The Bucherer Black Bay Bronze Bucherer BLUE is identical to its dour donor, complete with Tudor’s COSC Caliber MT5601 in-house automatic movement (developed with Breitling), anodized aluminum unidirectional bezel, a patina-in-the-making case, 200m water resistance, a five-year no-maintenance-required warranty and a dial that’s so easy to read it’s practically telepathic.

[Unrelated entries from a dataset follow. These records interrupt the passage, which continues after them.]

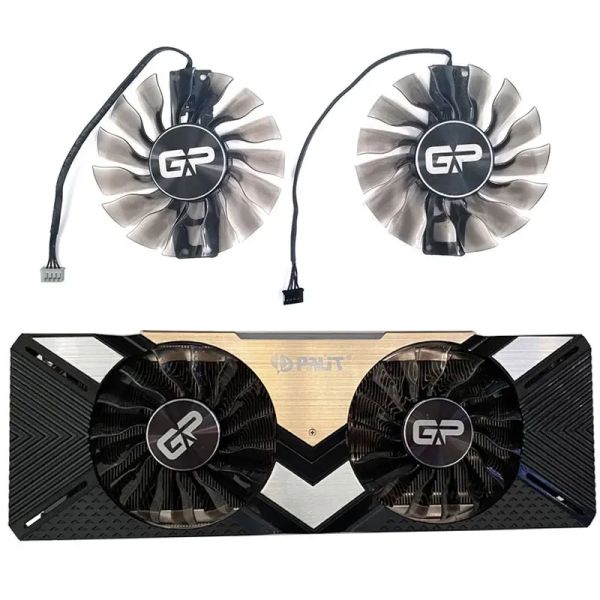 PADS 88 mm RTX 2080 TI FAN CARTE VIDÉO GA92S2H 4 PIN 0,35A FANTER COLER POUR PALIT RTX 2080 TI GAMING PRO OC GRAPHICS CARD COLING FAN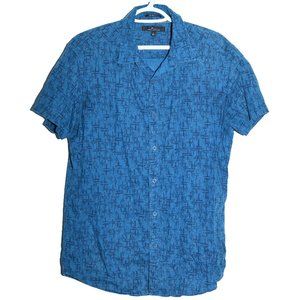 Y2K Marc Anthony Button Up Shirt Men's Size Medium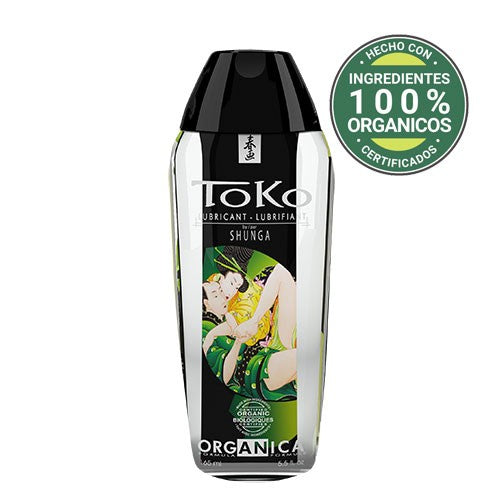 LUBRICANTE ORGÁNICO TOKO SHUNGA 165ML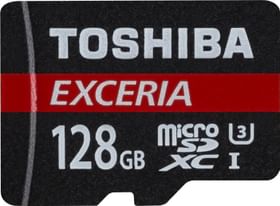 Toshiba Exceria 128GB MicroSDXC UHS Class 3 90MB/s Memory Card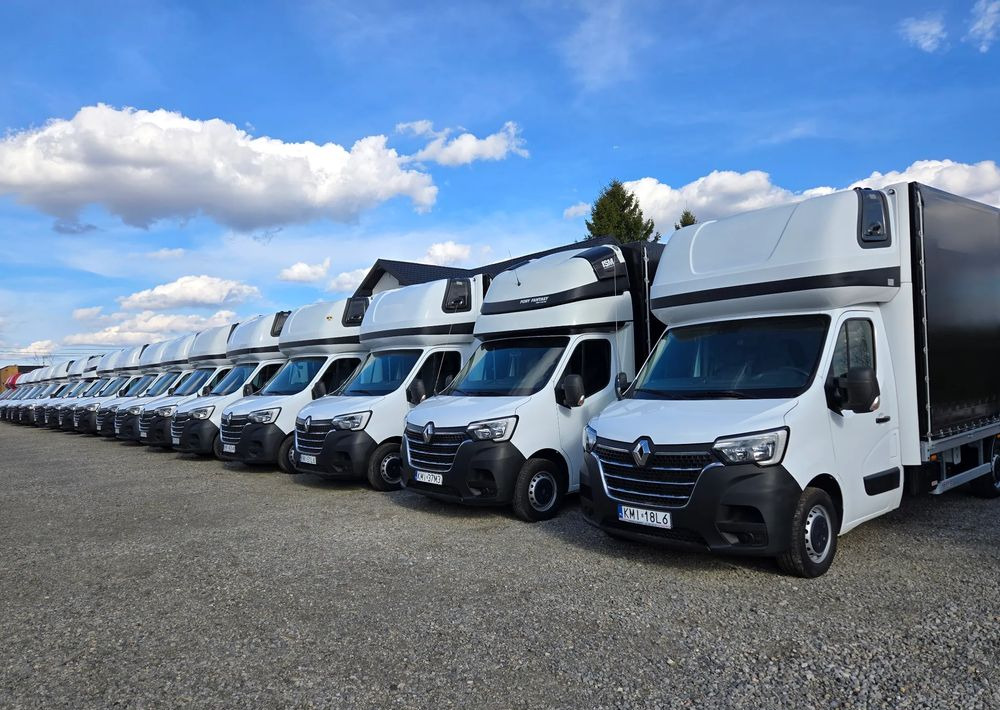 Tentinis mikroautobusas Renault Master IV 10 PALET zaw.poduszki 2021r EURO 6: foto 1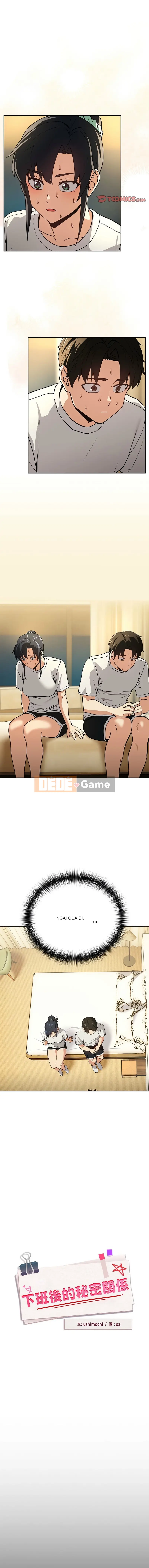 Mối quan hệ bí mật sau khi nghỉ làm Chương 44-45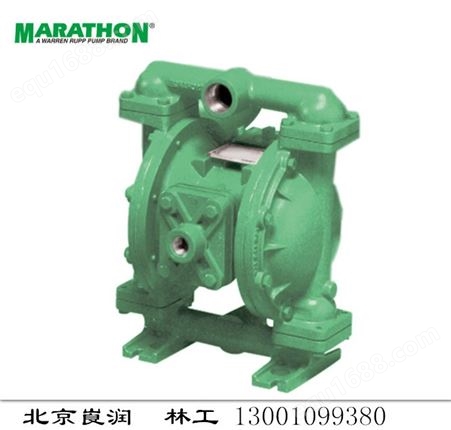 供应马拉松MARATHON气动隔膜泵DN40铝合金泵M15B1ANWABS000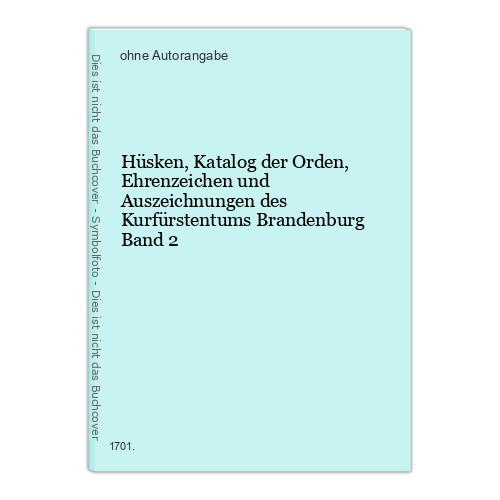 Hüsken katalog der - hüsken,,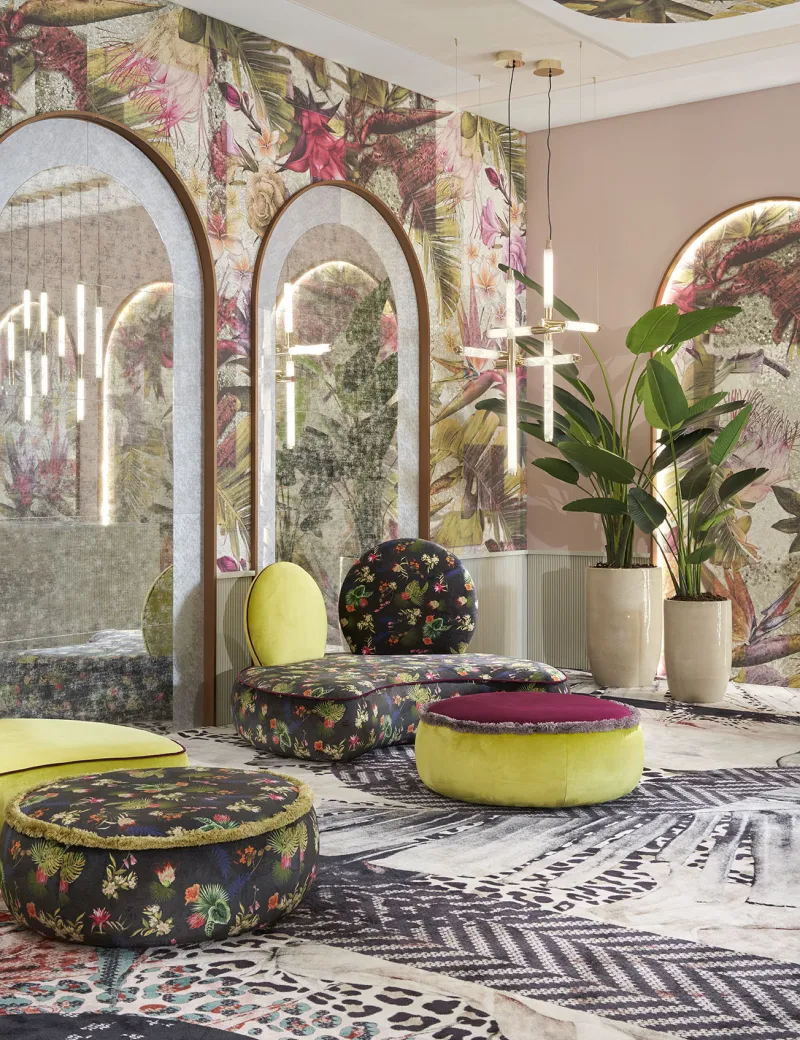 <p><strong>Living room furnishing ideas, a mix of eras for a unique atmosphere</strong></p>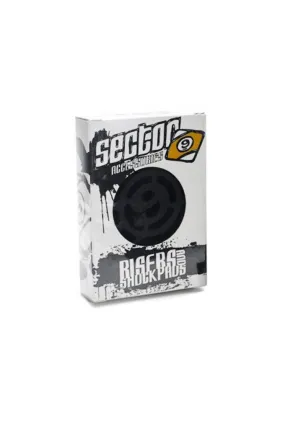 Sector 9 Flat Risers & Shock Pads 1/2"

According to its originator, the Tudor Black Bay Bronze Bucherer BLUE is “a symbol of luxury in its most relaxed state.” I reckon that honor belongs to a mega yacht, but I’m calling it: new watch alert winner number two.
DOXA SUB 300 Carbon – $4k
Watch enthusiasts greeted the return of the 1967 DOXA SUB 300 with open hearts and open wallets. The Truth About Watches was a little more circumspect, concluding that the $2490 DOXA SUB 300 Searambler is “Not a practical dive watch and plenty pricey, but if you like the design, you’ll love the watch.”
The even more financially challenging Carbon model fixes the practicality issue with 300m of water resistance (up from 100m). The new improved version is a COSC Certified Chronometer, promising -4 to +6 seconds per day accuracy. As for the pressure-resistant titanium (not carbon fiber) case . . .

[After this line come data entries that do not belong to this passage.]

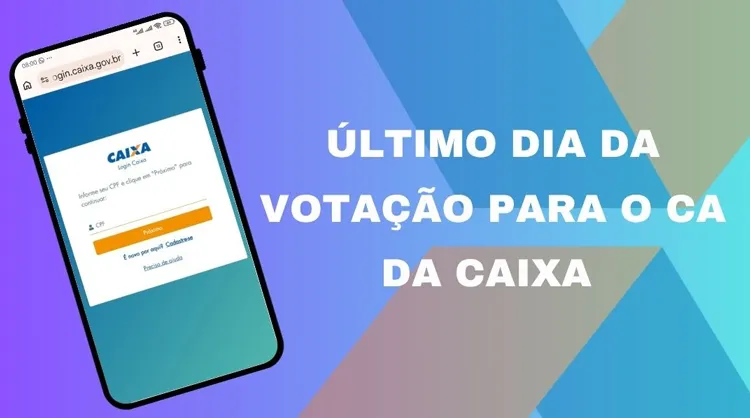 Atenção: empregados da Caixa tem até às 17h para escolher representação no CA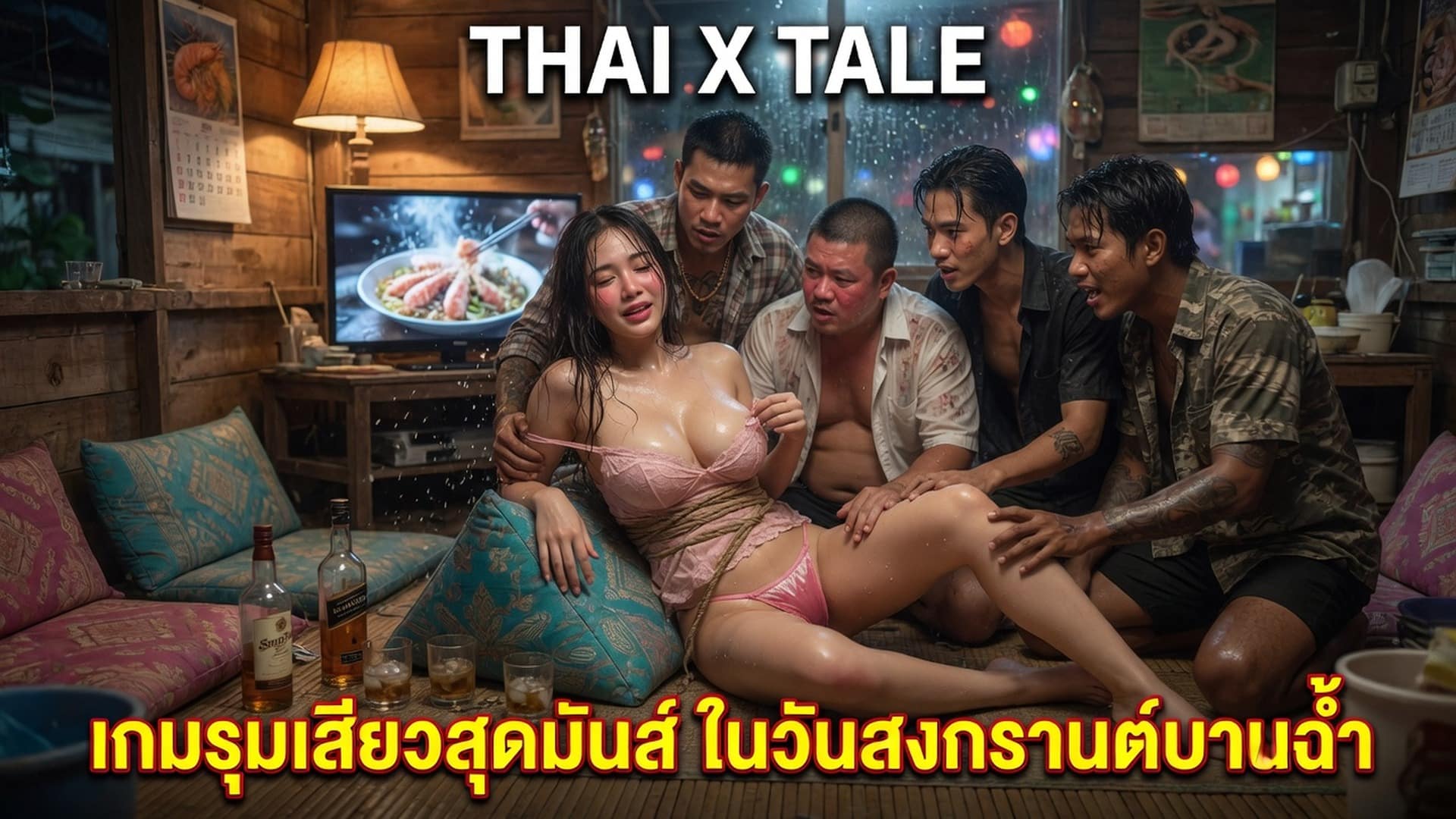เกมรุมเสียวสุดมันส์ ในวันสงกรานต์บานฉ่ำ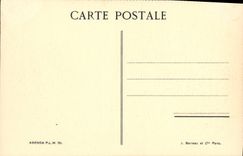 Collar de Córcega de la POSTAL de la VENDIMIA de Córcega Vergio Córcega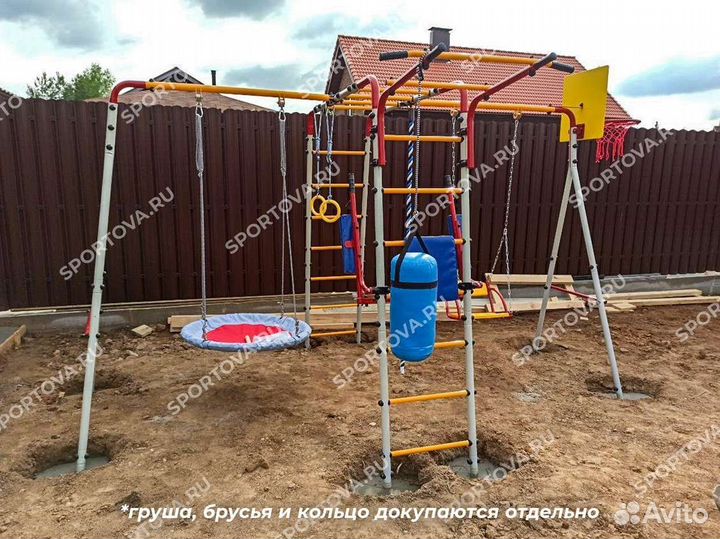 Уличный комплекс для детей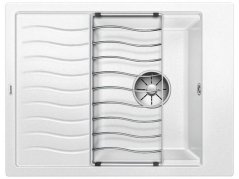 Granitový dřez Blanco ELON 45 S Bílá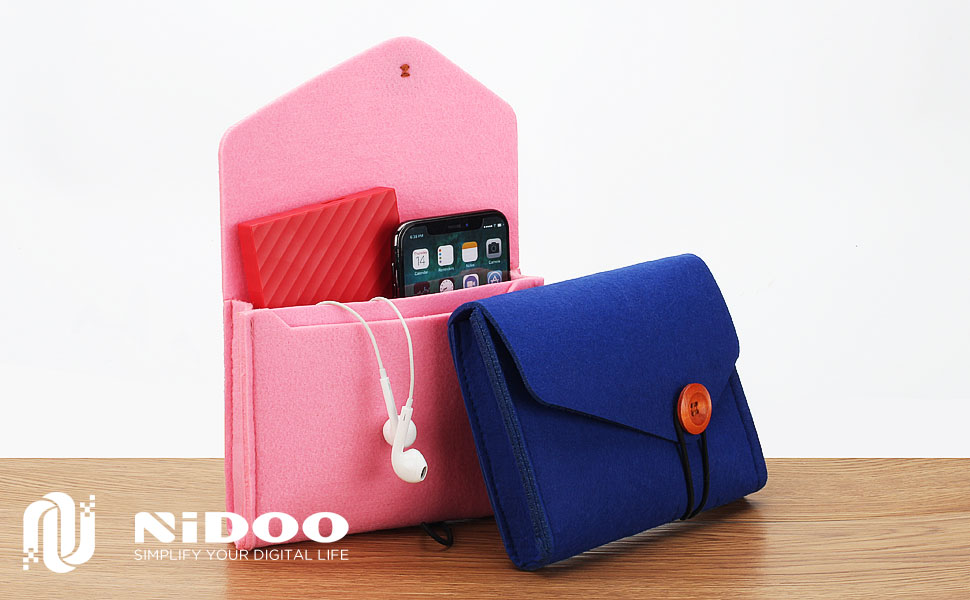 NIDOO Felt Storage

At 42.5mm, the cushion-shaped container makes the dial look less dinky than it does nestling in the steel cased SUB 300 Searambler. The real hero: the Carbon’s FKM faux rubber strap. “It is the softest, most pliable and comfortable rubber strap I’ve ever owned,” commentator Rice and Gravy asserts at watchuseek.com.
More than that, the Crayola strap is like the Dude’s rug in The Big Lebowski: it ties the horological room together. Though sure to offend traditionalists, the optimistically priced DOXA SUB 300 Carbon is a better watch and, IMHO, better looking than any of its predecessors. And you thought I was a hater.
Yea, the starry night watch is pretty cool. Like I said elsewhere, if you can’t make art, make a lot of money copying art.
Did all the “impression(ist/ism)” puns already get stale elsewhere or are we just avoiding the low hanging fruit? As someone that actually wants watches to be legible, I applaud Swatch for using adequately contrasting hands and indices.
Where is Black Bay, and why isn’t this called the Blue Bay?
I considered the pun possibilities but wanted to leave a good impression.
“And you thought I was a hater.”
Let me step in for you. ~$4,000 is $3,000 too much for a dive watch. There is a proper role for a dive watch as a rugged beater watch, but both of these are a bit too cartoonish and expensive for their purpose and brands.
The $990 on a bracelet Doxa Sub 200 is an attractive choice, but right now I would be quick to recommend the $595 Squale MTK-01.
“The $990 on a bracelet Doxa Sub 200 is an attractive choice, but right now I would be quick to recommend the $595 Squale MTK-01.”
I like Squale watches. But 38mm is a bit small on my wrist for any watch – and particularly small for a dive watch with bezel. But an excellent suggestion for many, I am quite sure.
I humbly submit the Glycine Combat Automatic diver. 42mm case, Sellita SW200 movement and water resistant to 200 meters. Available in a variety of colors and styles for under $500 – even under $400 from the right grey-market retailer.
If you’re okay with quartz power, Raymond Weil has the very well built Tango with ETA calibre and 300-meter rating. This watch works in a variety of social situations – stopping just short of black tie affairs. Under $500 and sometimes just under $400.
That Black Bay is a sweet alternative to the Explorer and a kick ass watch on its own. Bronze seems played, but this one looks great.
The Black Bay 41 with a blue dial enjoys pride of place at Casa Farago. Reviewed on the site.